Crossing the limits
THIRUVANANTHAPURAM: Were it not for the district administration’s tactless approach to the eviction of the Spirit in Jesus encroachment from the strategic location at Chinnakanal in Munnar, the State would have benefited by a worthy precedent to keep in mind. Luckily, the eviction did not fan communal passions to the point of a flare-up. The clergy reacted with decorum though expressing the pain of witnessing the Cross being shorn of its concrete base and felled. All of them, barring a KCBC official, approved of the well-intentioned move (of Sub-collector Sriram Venkitaraman) to sanitize the hills of encroachers. Perhaps this doused passions.

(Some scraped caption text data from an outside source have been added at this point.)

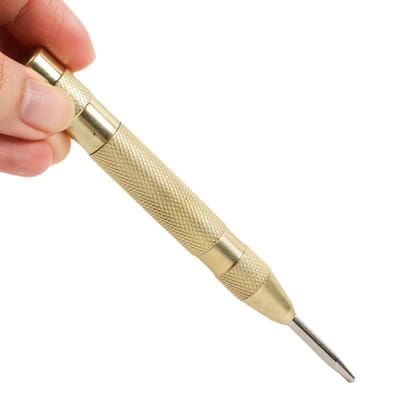 Automatische centerpenpons Houtbewerkingsgereedschap Veerbelaste markeergereedschap Metaalboren Houtpers Deukmarkeergereedschap goud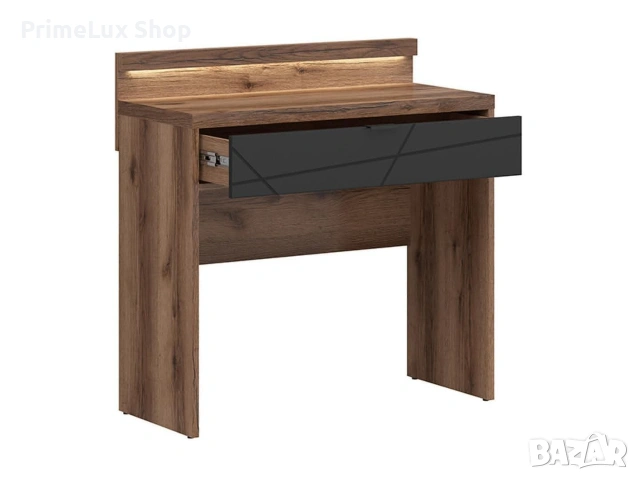 Тоалетка FORN TOL1S с осветление корпус дъб делано/фронт черно мат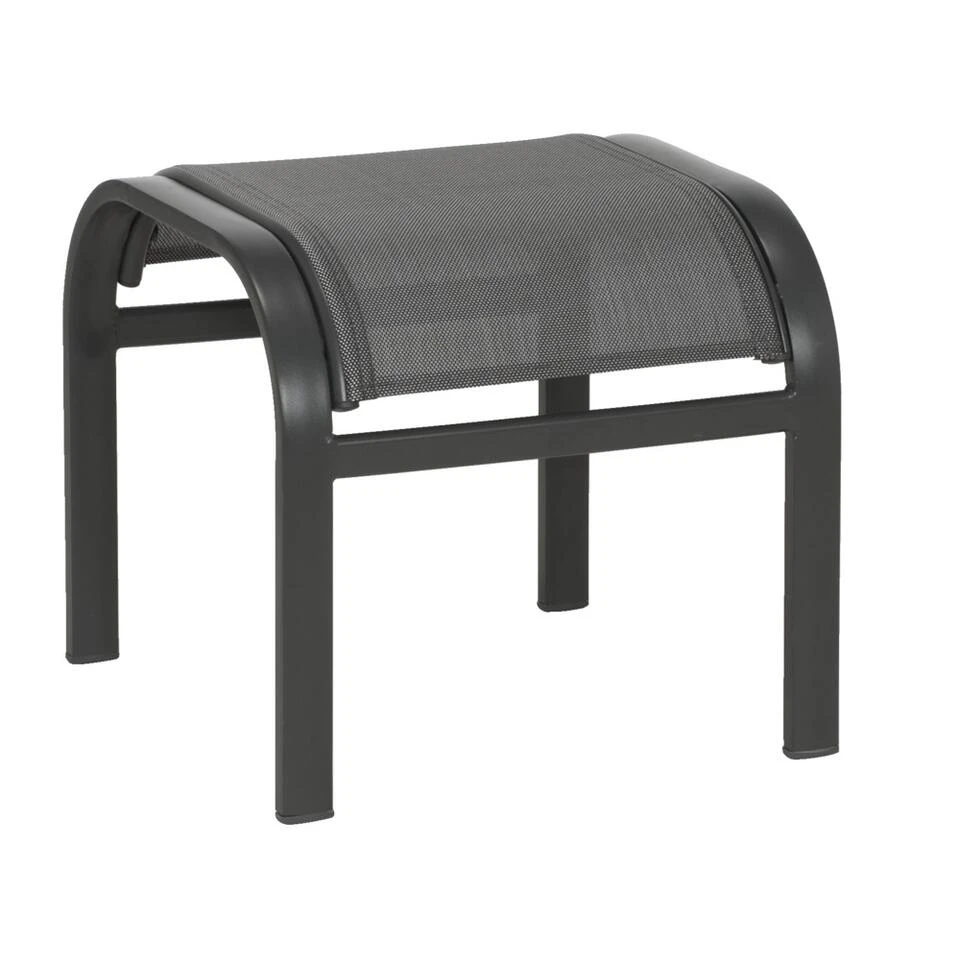 Le Sud Voetenbankje Cannes - Mat Grijs 2 Le Sud Voetenbankje Cannes - Mat Grijs - Afbeelding 2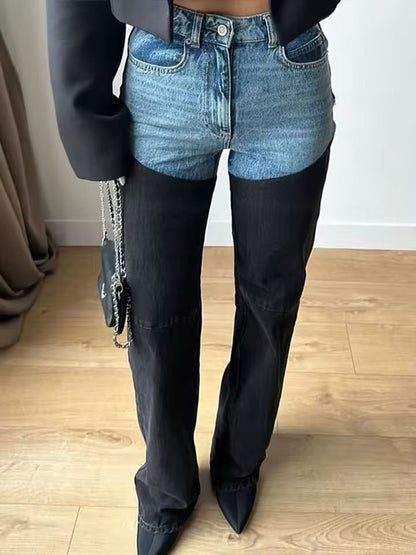 Fashion Patchwork Jeans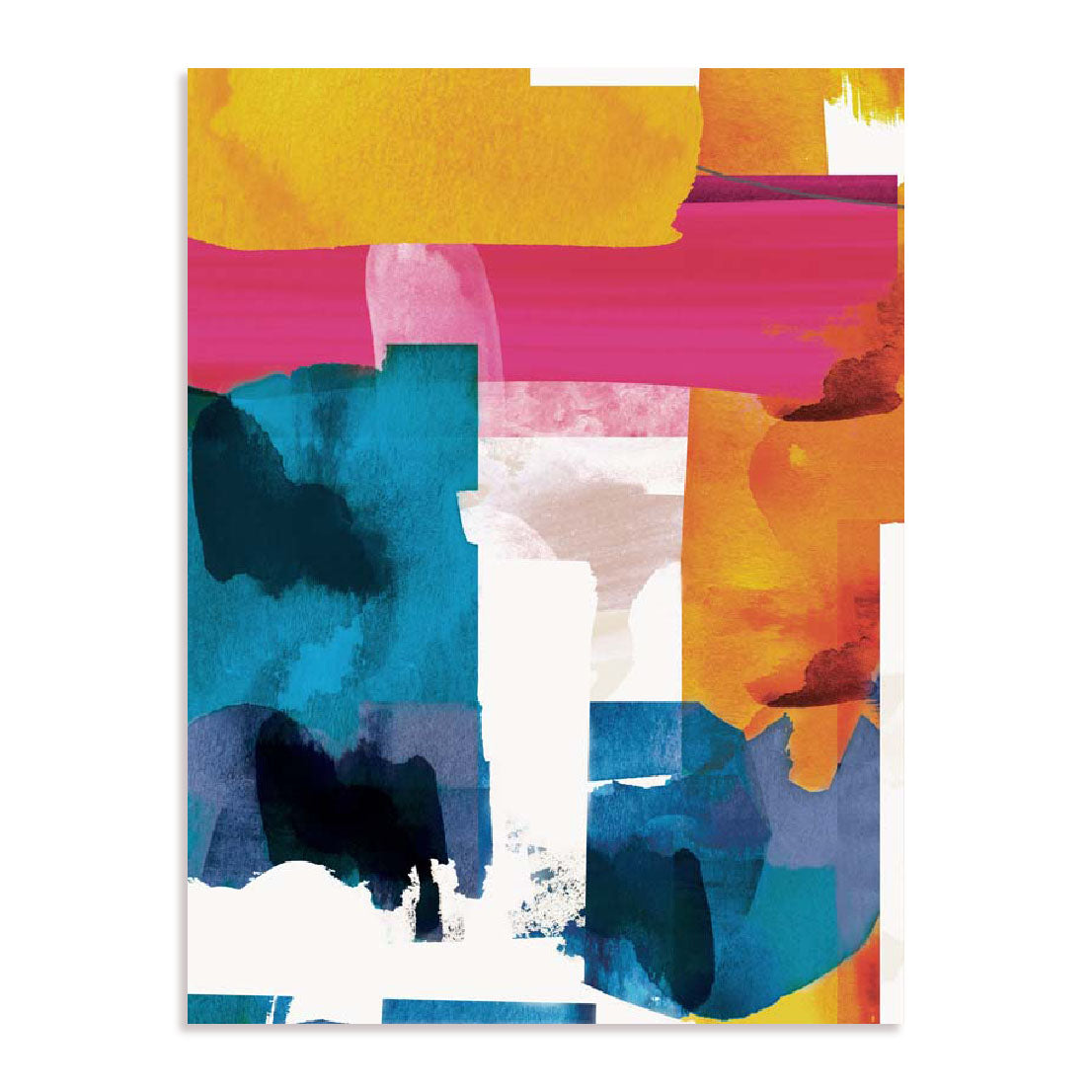Rainbow Stroke II Wall Art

Cardinal Mar George Alencherry and Archbishop Soosapakiam appreciated Chief Minister Pinarayi Vijayan’s stance, which he made clear on Friday evening: “lack of administrative caution”. Although Mr Vijayan’s public censure of the officials was being interpreted as a morale-downer, many veterans who had served in Government feel Mr Vijayan did the right thing, by empathizing with those whose sentiment had been hurt and sending a clear message that the Government’s policy is not cross-busting. The implication is that there might be illegal religious structures strewn across Kerala but no one had the unwritten mandate to dismantle them. Mr Vijayan foresaw chaos, which he sought to avert through his opportune clarification.
Says former Additional Chief Secretary D Babu Paul: “Suppose the religious reaction was hostile, who would check a possible communal backlash. It’s the CM who has to face the music. The buck stops with him”. Dr Babu Paul recalled an order he issued while he was sub-collector in Kollam in 1965-67. He spotted a chapel coming in Kundara on the Chencottah road and issued a stop memo on the spot. The Collector stayed his order and let the chapel rise. But years later the chapel had to be shifted to safer location and it happens to be only non-east-facing chapel. All Orthodox worship centres have the facade facing the east.
“I took the on-the-spot decision because the chapel belonged to my community and I knew the Bishop quite well. In a different context, I would take those concerned into confidence. Which is a mere tact and we need lots of it in governance”, he said. Cemeteries, churches and temples have given way to roads but such decisions involved the sagacity of all those involved, especially the aggrieved party. At Chinnakanal, the alleged encroacher had showed no remorse at “abusing the most scared Christian religious symbol of salvation” and planting it surreptitiously on public land for “profit, dispossession and domination. This is anti-religion and faith suicide”, opined Fr Paul Thelakkat, the editor of Light of Truth.
The Revenue officials had served two notices on the self-styled Thrissur-based prayer group but the group showed scant regard for the ultimatum. Sub-Collector Venkitraman apprised Revenue Minister N Chandrasekharan of the group’s defiant mood when he was asked to go ahead with the eviction. But the minister advised Mr Venkitaraman to ensure sufficient force lest it should become another embarrassment like eviction in Munnar a fortnight ago. The team, comprising a CI-led police picket and officials of the Forest, Disaster Management and Public Land Protection Force, set off at 4:30 am but the officials missed the element of stealth. They did not factor in the swell of sentiments at ordinary souls watching the Cross being felled. “But for this, it was well done”, quipped Dr Babu Paul.
Recall the Christian-Muslim mayhem in coastal Vizhinjam in July 1995 when locals put up a cross and statues in a resolve to atone for the murder of three parishioners. IG Jacob Punnose got an SI to dig the earth and three bodies were buried near a mosque. But neither a TV nor print image was available there to rouse passions. Now the question is whether the Spirit in Jesus episode will put brakes on the protracted Munnar Ops. If it does, it will expose the LDF Government’s double standards. Local CPM netas’ bravado sounds sinister.